Problem

I’ve answered this question on LinkedIn and Stackoverflow and I thought it’s an interesting pattern to share. Here is the problem statement:

Suppose we have documents like {_id: ..., data: ..., timestamp: ...}. Is there any way to write an update criteria which will satisfy following rules:
1) If there are no documents with the same _id then insert a document
2) If there exists a document with the same _id then:
2.1) If new timestamp greater then stored timestamp, then update data
2.2) Otherwise do nothing

In other words, we want to maintain only the latest version of data without any duplicates. If we receive updates out of order we should ignore those.
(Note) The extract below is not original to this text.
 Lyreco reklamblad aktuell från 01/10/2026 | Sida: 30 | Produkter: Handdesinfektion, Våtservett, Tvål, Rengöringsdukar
Obviously, we want to do it atomically with a single DB request.

Solution

The solution relies on the fact that MongoDB by default creates a unique index for _id (you can use other fields with unique indexes too). We will use an update command (doc) with upsert option. If upsert: true, then mongo will create a new document with provided fields only if no document matched the query. Otherwise, if there was a match the document will be updated.
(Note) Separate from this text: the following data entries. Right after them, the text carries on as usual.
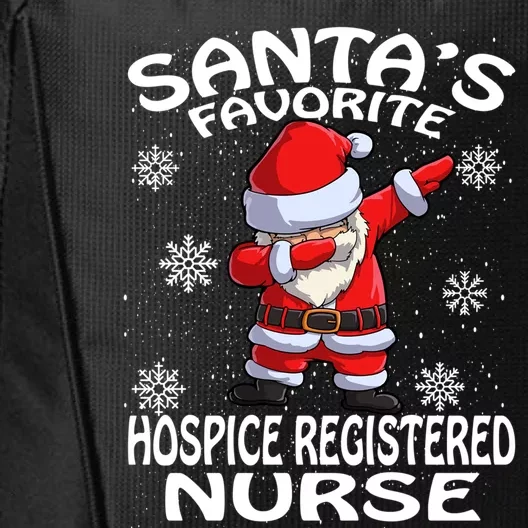 Santas Favorite Hospice Registered Nurse Christmas Gift City Backpack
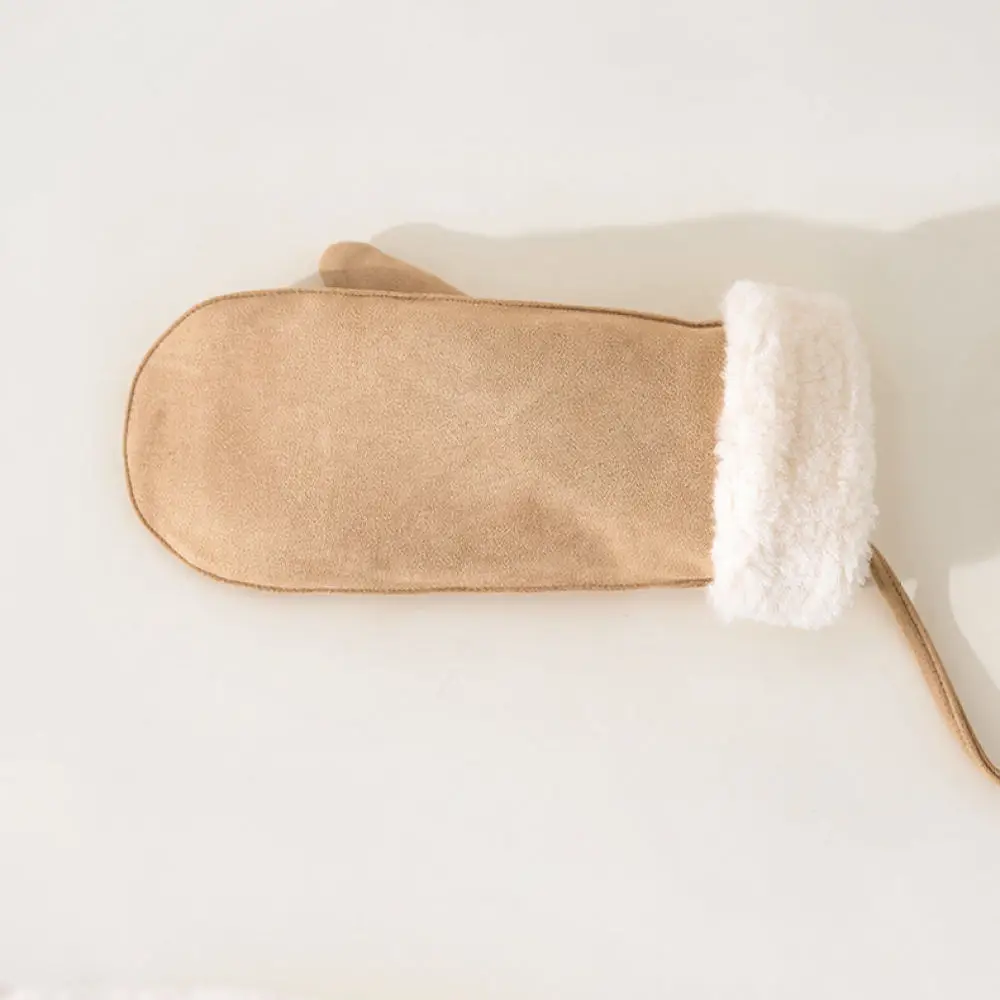 For Fanxingke Thickened Winter Mittens Fleece Lined Suede Warm Gloves Windproof Hanging Rope Large Size Casual Outdoor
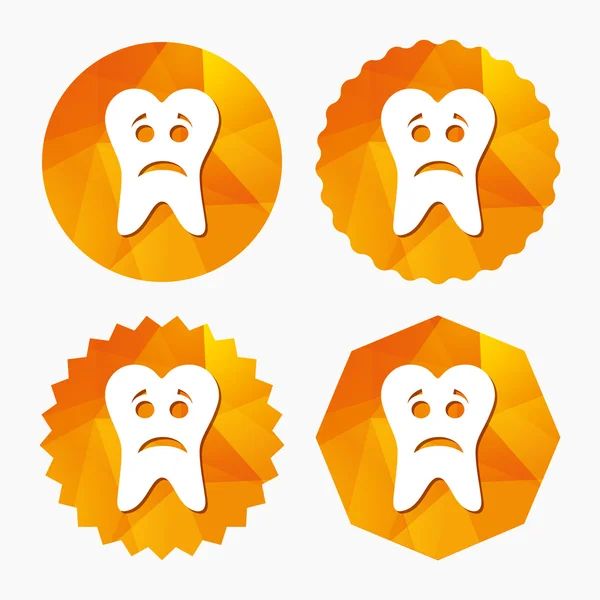 Ícone de sinal de rosto triste do dente. Dor de dente símbolo . —  Vetores de Stock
Here is what’s happening in the code below:

  • The first upsert will always succeed as there are no documents matching the query and there is no such _id in the DB. A new document will be inserted.
  • Second identical upsert will fail. Here is why. The query didn’t match anything because the same date can’t be less than itself: $lt : lastUpdateTime. Since there was no match, mongo tries to insert the document and fails with unique key violation error. That’s what we want.
  • Next we try to upsert with the date (tooOldToUpdate) older than in DB (lastUpdateTime). Again the query finds 0 documents and fails with the same reason as previous one.
  • Now we try with a date (newUpdateTime) that is newer than one in DB (lastUpdateTime). This time query finds the one and only match and update is performed.
  • We finally verify that update worked as intended with a query. Yay! Profit!
> var lastUpdateTime = ISODate("2013-09-10")
> var newUpdateTime = ISODate("2013-09-12")
>
> lastUpdateTime
ISODate("2013-09-10T00:00:00Z")
> newUpdateTime
ISODate("2013-09-12T00:00:00Z")
>
> var id = new ObjectId()
> id
ObjectId("52310502f3bf4823f81e7fc9")
>
> // collection is empty, first update will do insert:
> db.testcol.update(
... {"_id" : id, "ts" : { $lt : lastUpdateTime } },
... { $set: { ts: lastUpdateTime, data: 123 } },
... { upsert: true, multi: false }
... );
>
> db.testcol.find()
{ "_id" : ObjectId("52310502f3bf4823f81e7fc9"), "data" : 123, "ts" : ISODate("2013-09-10T00:00:00Z") }
>
> // try one more time to check that nothing happens (due to error):
> db.testcol.update(
... {"_id" : id, "ts" : { $lt : lastUpdateTime } },
... { $set: { ts: lastUpdateTime, data: 123 } },
... { upsert: true, multi: false }
... );
E11000 duplicate key error index: test.testcol.$_id_ dup key: { : ObjectId('52310502f3bf4823f81e7fc9') }
>
> var tooOldToUpdate = ISODate("2013-09-09")
>
> // update does not happen because query condition does not match
> // and mongo tries to insert with the same id (and fails with dup again):
> db.testcol.update(
... {"_id" : id, "ts" : { $lt : tooOldToUpdate } },
... { $set: { ts: tooOldToUpdate, data: 999 } },
... { upsert: true, multi: false }
... );
E11000 duplicate key error index: test.testcol.$_id_ dup key: { : ObjectId('52310502f3bf4823f81e7fc9') }
>
> // now query cond actually matches, so update rather than insert happens which works
> // as expected:
> db.testcol.update(
... {"_id" : id, "ts" : { $lt : newUpdateTime } },
... { $set: { ts: newUpdateTime, data: 999 } },
... { upsert: true, multi: false }
... );
>
> // check that everything worked:
> db.testcol.find()
{ "_id" : ObjectId("52310502f3bf4823f81e7fc9"), "data" : 999, "ts" : ISODate("2013-09-12T00:00:00Z") }
>

One inconvenience is that we get those pesky errors. However, they are cheap and safe so we can simply ignore them.

Disclaimer

MongoDB has evolved a lot since I’ve started using it somewhere in 2011. They keep adding new operators and features to help developers with complex queries. Some of the patterns need to be revisited once in a while to check if there are better ways to do things. If you find an improvement that really works let me know.